Community Corner

City Council Inauguration Day 2010: A Retrospective

Patch turns the clock back two years and recalls the day the present council officially started.

When Democrats Len Torres, Fran Adelson and Scott Mandel are sworn in at the City Council inauguration at noon New Year’s Day, will it be anything like the last ceremony two years ago?

Held on Sunday, Jan. 3, 2010, every seat was taken and scores of spectators stood in the sixth-floor council chambers at City Hall as second-term Republican council member John McLaughlin, first-term Democrats Mike Fagen and Len Torres and the new City Court judge, Frank Dikranis, were sworn in.

Season Long Beach political observers tried to recall when they had last witnessed such a large turnout at an inauguration ceremony for the then 87-year-old City Council.

“It was incredible, just wild,” Larry Elovich, the city’s Democratic leader during the 1960s who had attended 25 previous City Council ceremonies, said at the time. “I’d never seen anything like it.”

McLaughlin and Fagen, who had the two highest vote totals in the at-large November election in 2009, captured four-year terms, while Torres won a two-year seat. With McLaughlin’s re-election, Republicans retained a 3-2 council majority, which included President Thomas Sofield Jr. and Vice President Mona Goodman. Democrats Lenny Remo and Denise Tangney had stepped down. Issues ranging from taxes to parking to boardwalk rehabilitation took center stage during the campaign.

On the campaign trail, McLaughlin, a retired FDNY lieutenant who was working then on his master’s degree in fine arts at Queens College, pledged to reduce taxes, to continue moving part-time city employees to full-time status and to hire more storm management consultants. “I really want to continue doing what we’ve been doing to keep working on the infrastructure of the city,” he said then.

Among the prominent officials in the audience that day was newly-elected Nassau County Executive Ed Mangano, to whom Fagen and Torres extended an invitation as a sign of bipartisanship that Fagen said he hoped could extend to the city administration.  

During the campaign, Fagen vowed to bring greater transparency to city government, and to end what he called City Hall’s “friends-and-family program,” charging that the city hires employees’ unqualified acquaintances and relatives.

He also proposed adding non-tax revenue streams, including an Adopt-A-Highway program, in which businesses would sponsor sections of a newly constructed boardwalk, and naming-rights deals with corporations to finance the ice arena and Recreation Center.

“We’d like to bring some special events to the city, to the beach this summer,” Fagen said. “And Len is working on some lucrative grants, and all in all we’d like to bring some fair and open government back to the city.”

“Affordability” was Torres’s campaign mantra, as he promised to cut spending on city employees’ overtime and to consolidate and streamline services.
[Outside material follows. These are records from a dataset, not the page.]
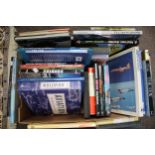 A collection of assorted aircraft and aviation related books.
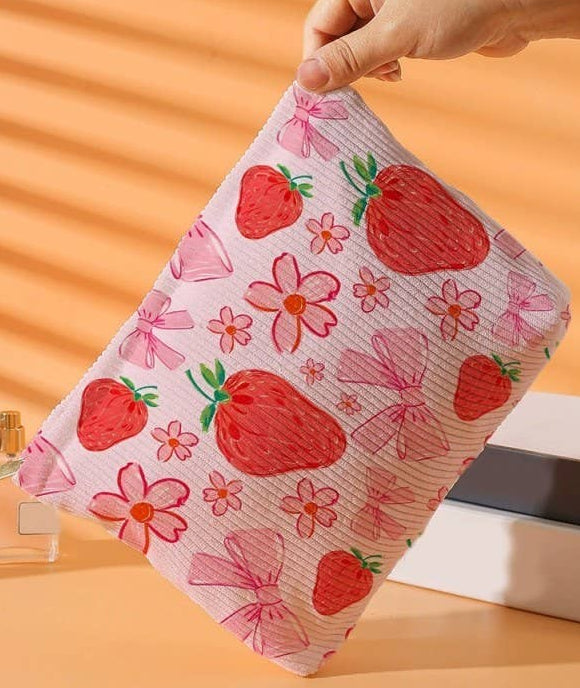 Hand holding a pink towel with strawberry pattern against an orange background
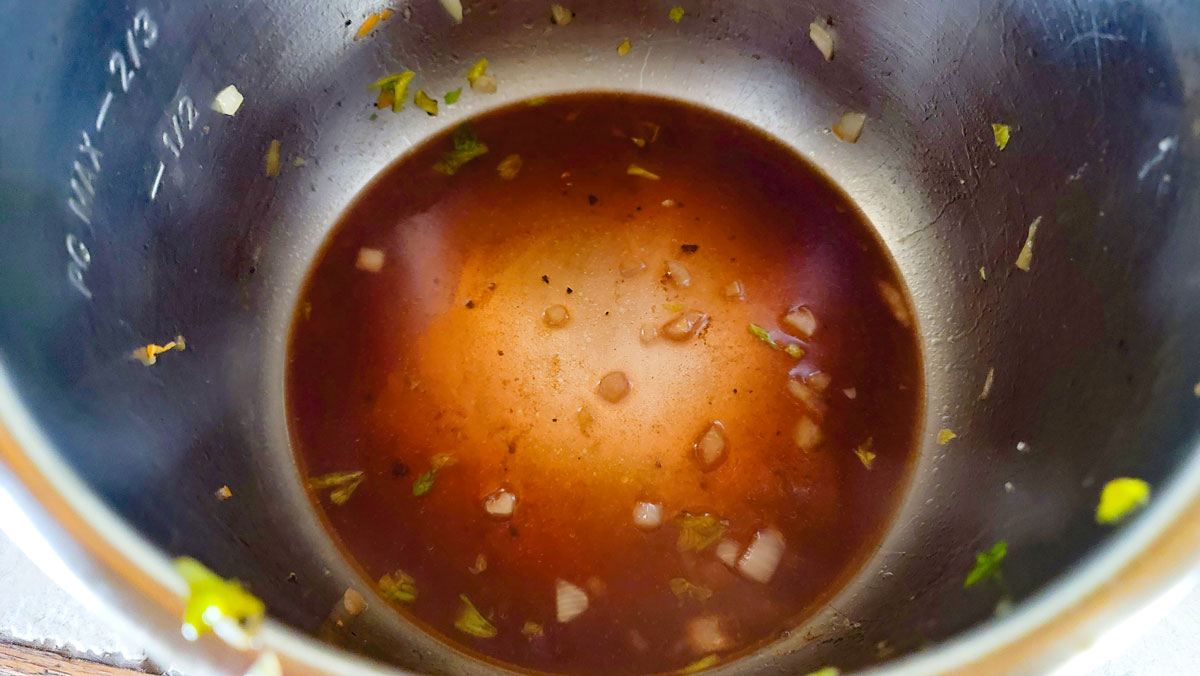 Pot being deglazed with wine.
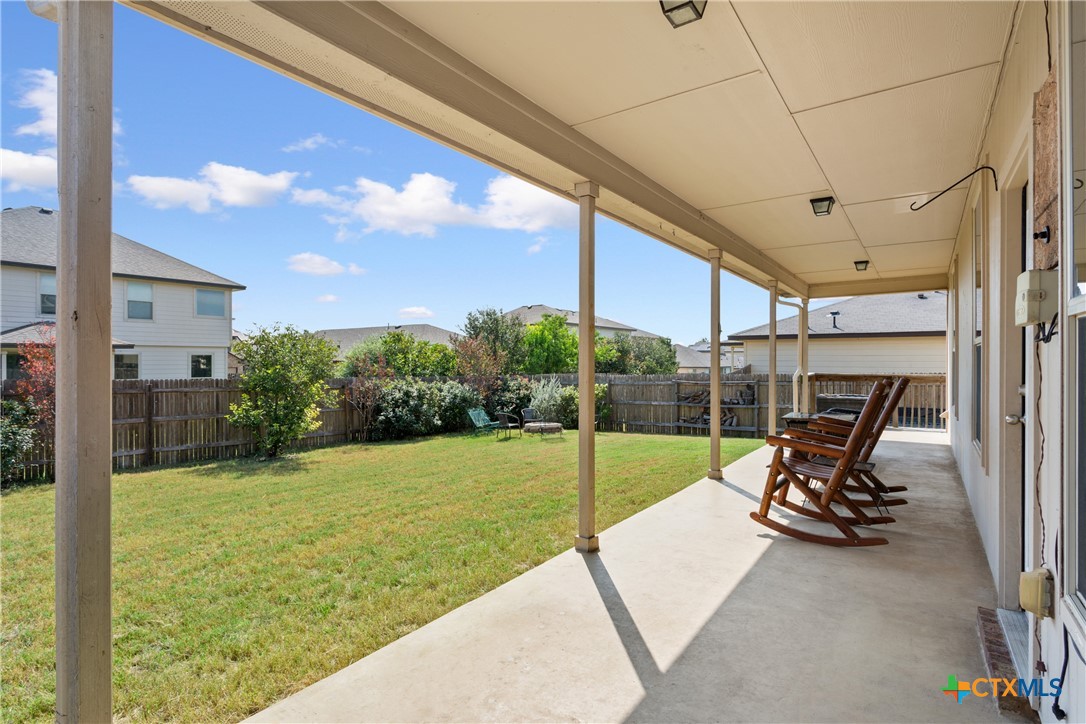 231 Druse Lane Jarrell, TX 76537 - Photo 37 of 38 a view of a chair and table in backyard of a house
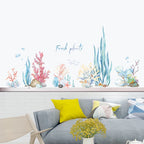 Decorative wall stickers of colorful plants on a white wall above a gray sofa with yellow and white cushions.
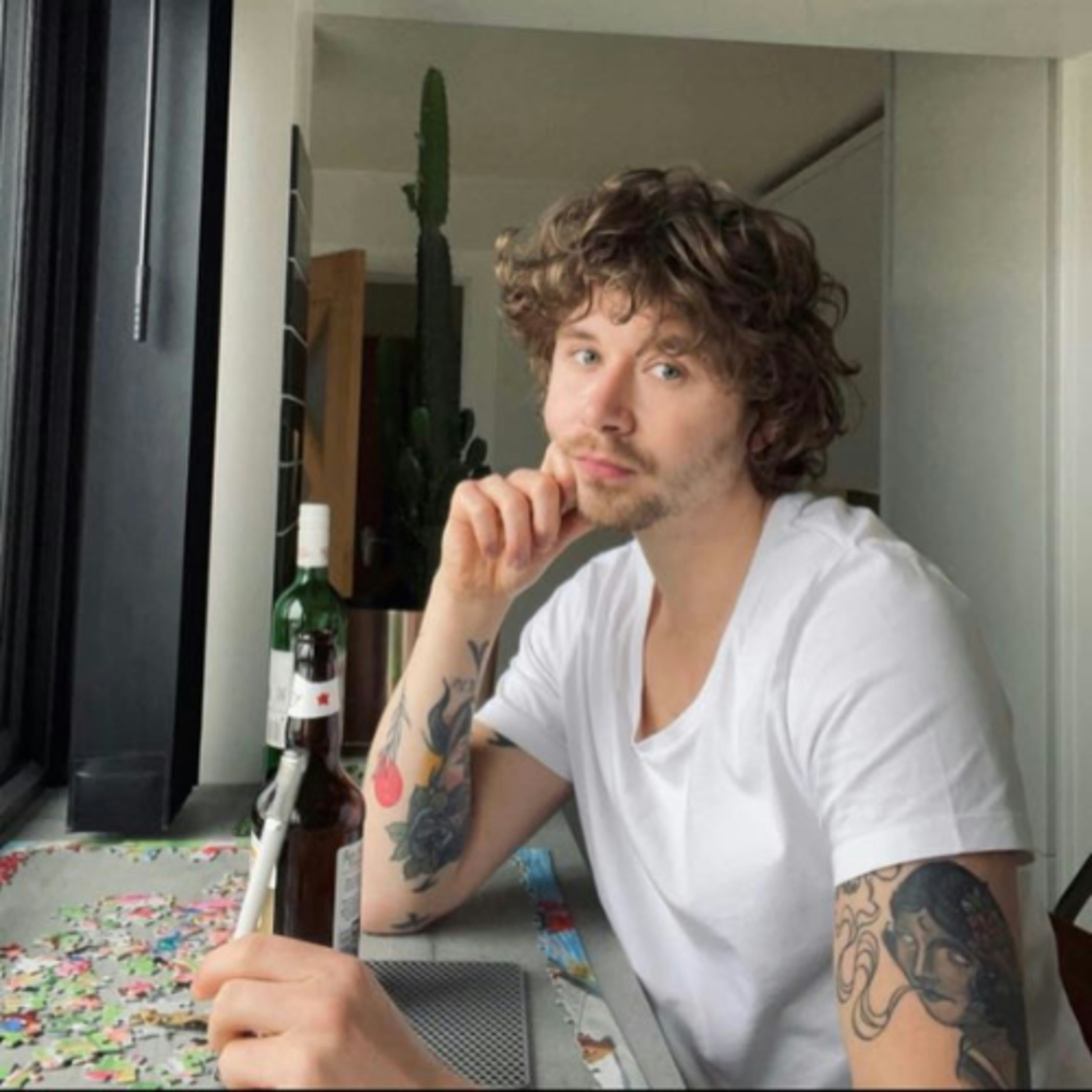 a man sitting at a table with a bottle of wine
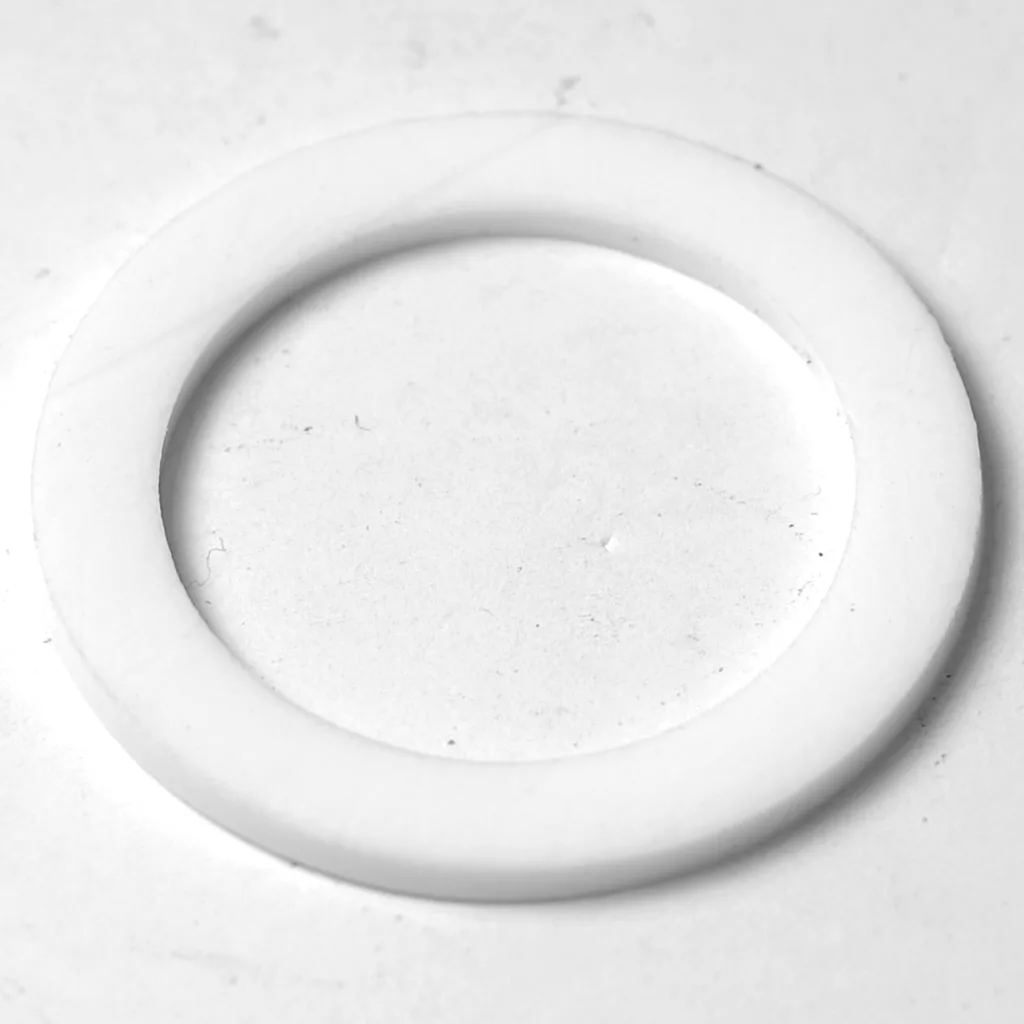 A close-up of a white, flat washer—used to seal connections in the F.1402 FAEMA E-91/DUE Stainless Steel Steam Wand—lying on a smooth, light-colored surface. © 2025 1st-line.com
He highlighted the fact that he was the first Hispanic candidate to run for a City Council seat.

“As a Latino, the Hispanic community was very supportive of me, but they didn’t get me into office — it was all of Long Beach,” said Torres, a  retired teacher and administrator. “Now, as a council member, I represent all of Long Beach.”

In a meeting after the ceremonies concluded, the new City Council voted to retain Goodman as vice president and Sofield as president, in spite of an effort by Fagen to nominate Goodman as president.